Description of the task: Go through the data below and transcribe it exactly. Omit the images.

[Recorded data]
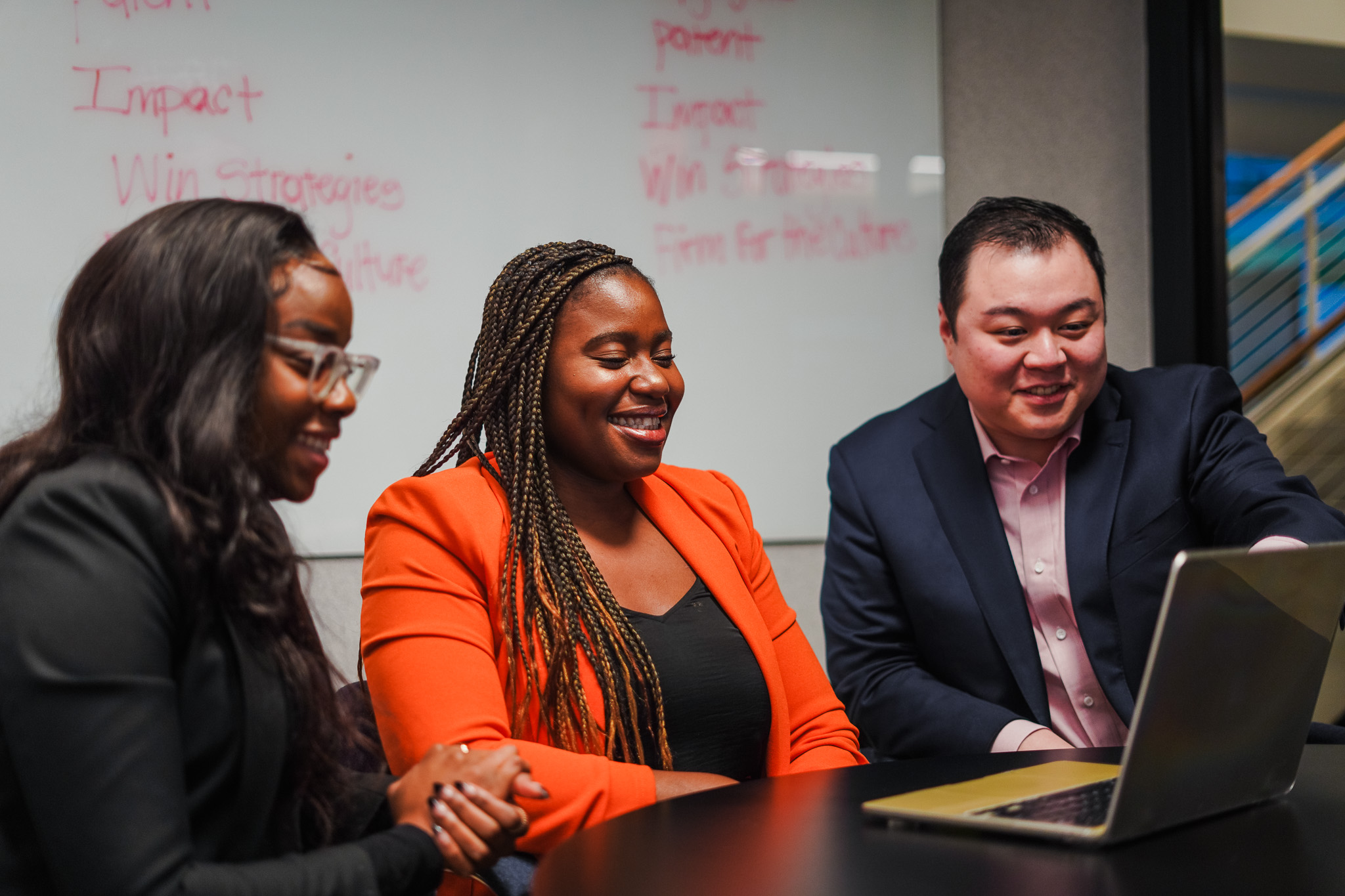 Two professionals discussing work with a laptop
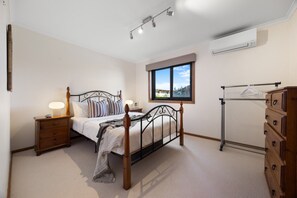 A bedroom with a bed, bedside tables, a dresser, a window with a view, and an air conditioning unit. - Cedar By The Sea—Beach, River & Golf Getaway (Goolwa South)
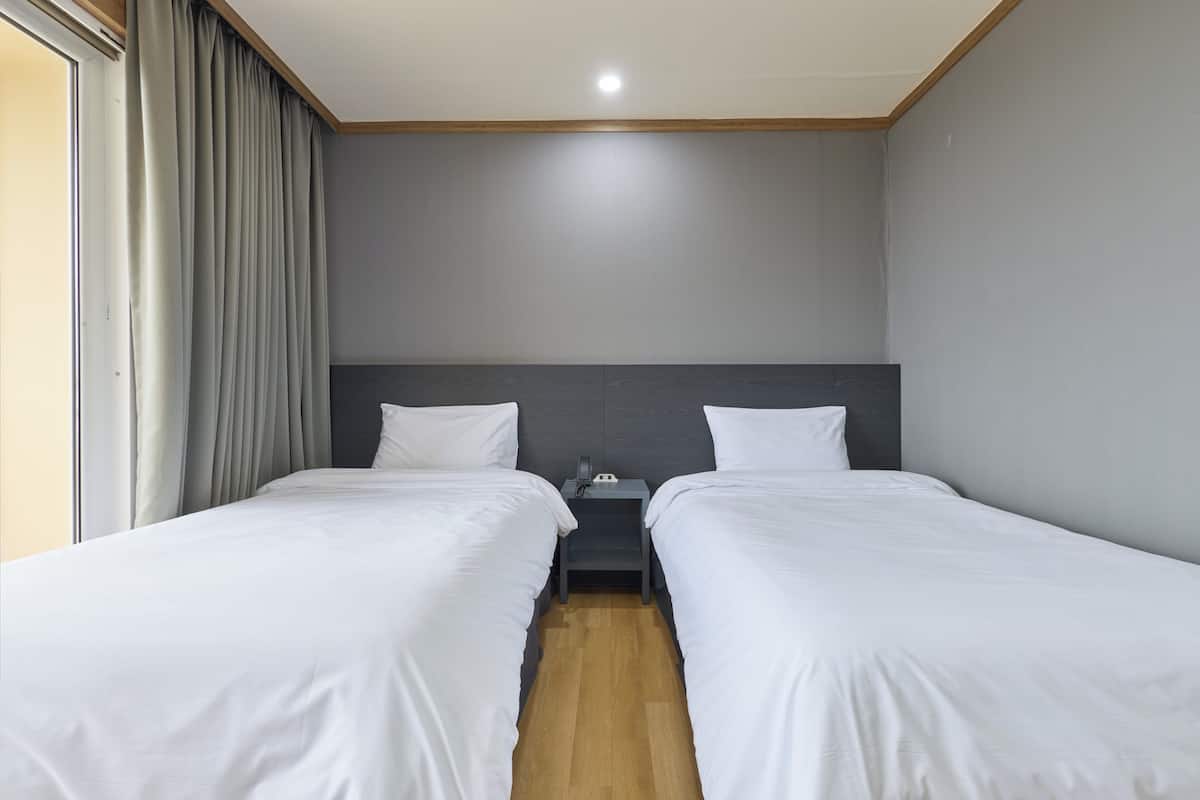 A hotel room with two single beds, a wooden floor, a gray headboard, a bedside table with a phone, and a window with curtains.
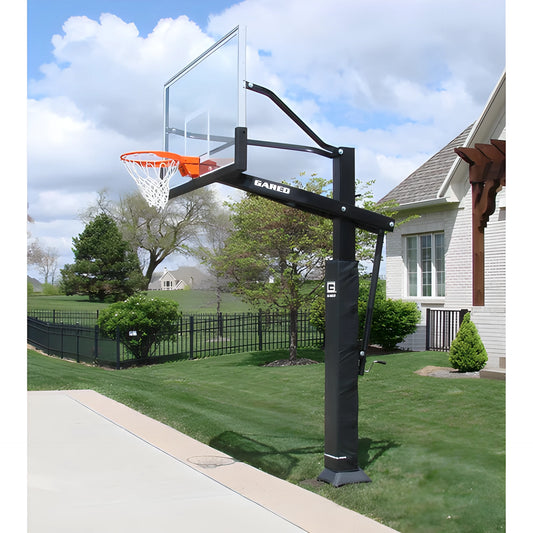 Gared in ground basketball hoop with clear backboard and orange rim installed on a residential lawn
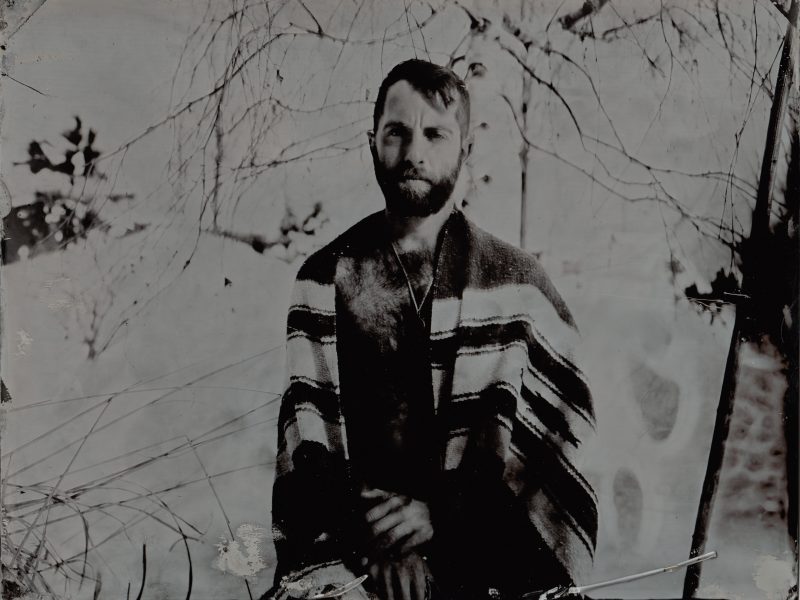 A shirtless man covered with blanket sits in snow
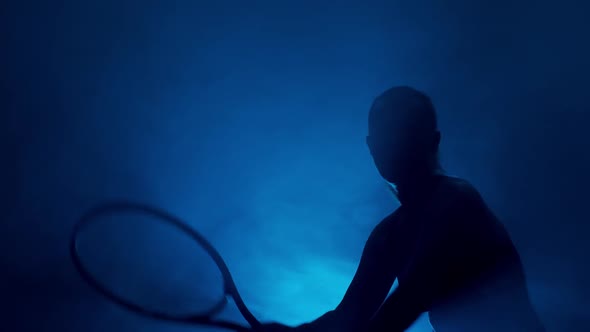Silhouette of Woman Playing Tennis
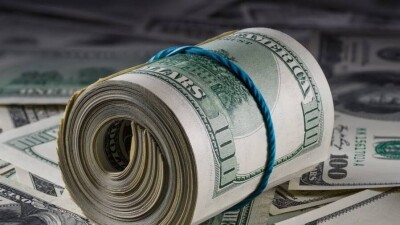 Доллар частично отыграл падение к тенге на бирже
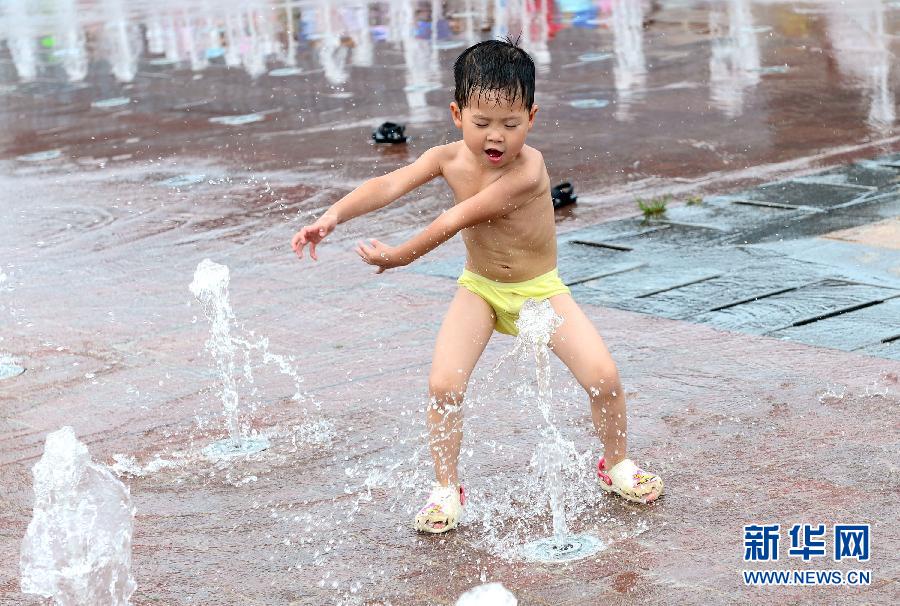 7月3日,在济南市泉城广场,一名小朋友在音乐喷泉旁戏水纳凉.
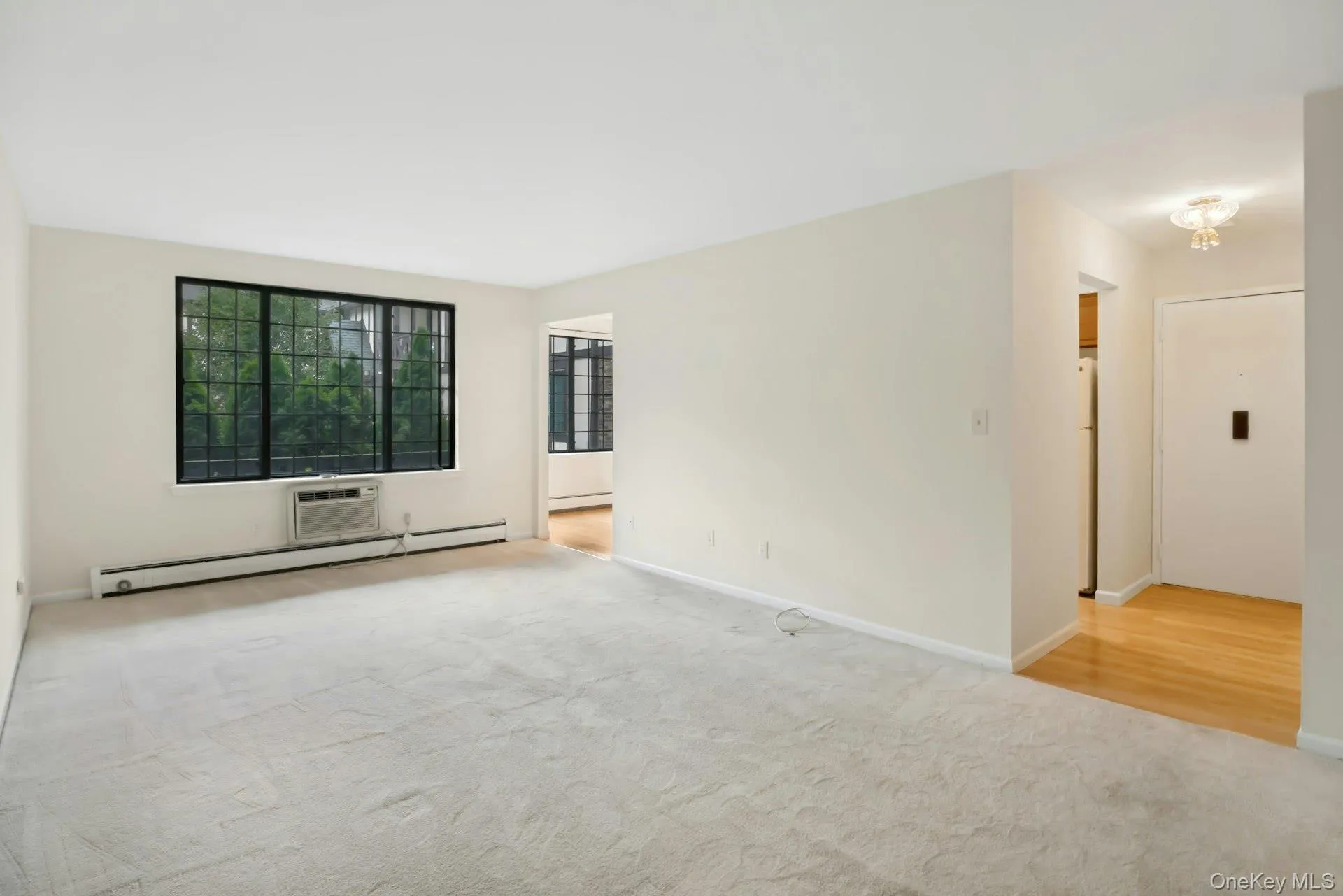 Spacious Living Room with Picture Window .. Entry Foyer to the Right. Spacious Living Room with Picture Window .. Entry Foyer to the Right.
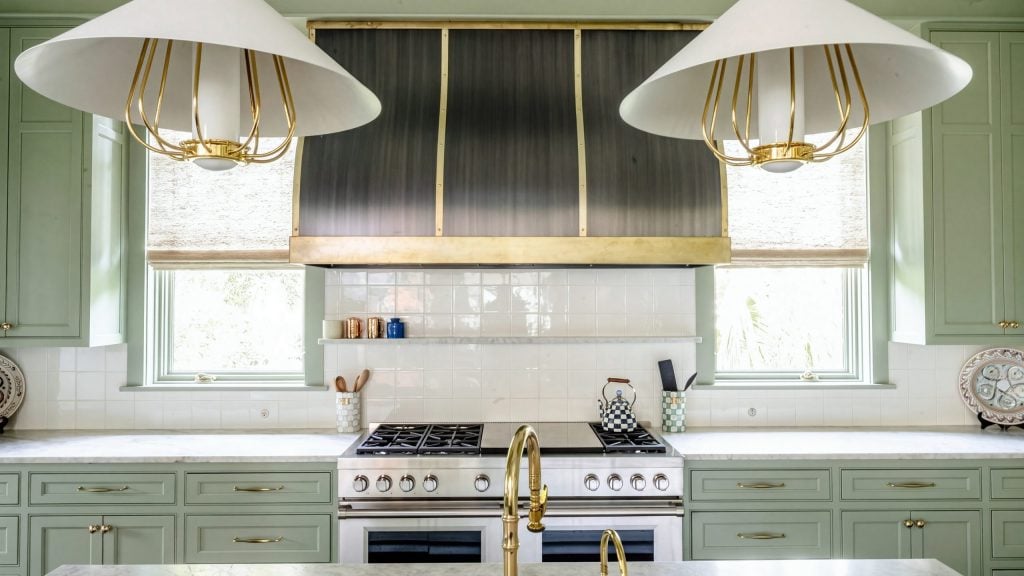 Hood and pendants: The brass-strapped hood between two windows, over sage base cabinets.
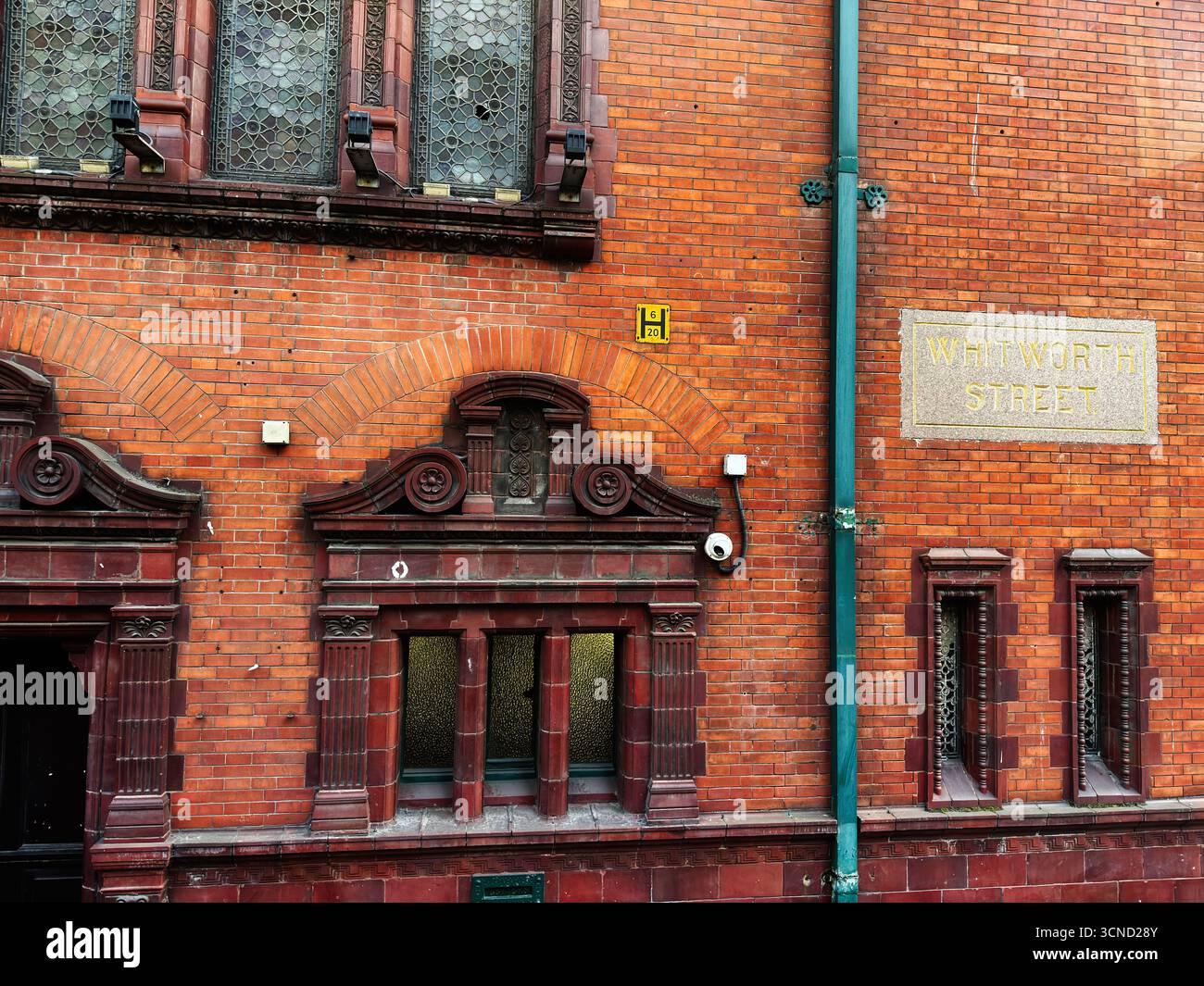 Rote Ziegelfassade mit dekorativen Bögen und verzierten Fenstern an der Whitworth Street in Manchester. Stockfoto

Output:
 Two professionals discussing work with a laptop
 A bedroom with a bed, bedside tables, a dresser, a window with a view, and an air conditioning unit. - Cedar By The Sea—Beach, River & Golf Getaway (Goolwa South)
 A hotel room with two single beds, a wooden floor, a gray headboard, a bedside table with a phone, and a window with curtains.
 Gared in ground basketball hoop with clear backboard and orange rim installed on a residential lawn
 A shirtless man covered with blanket sits in snow
Silhouette of Woman Playing Tennis
 Доллар частично отыграл падение к тенге на бирже
 7月3日,在济南市泉城广场,一名小朋友在音乐喷泉旁戏水纳凉.
 Spacious Living Room with Picture Window .. Entry Foyer to the Right. Spacious Living Room with Picture Window .. Entry Foyer to the Right.
 Hood and pendants: The brass-strapped hood between two windows, over sage base cabinets.
 Rote Ziegelfassade mit dekorativen Bögen und verzierten Fenstern an der Whitworth Street in Manchester. Stockfoto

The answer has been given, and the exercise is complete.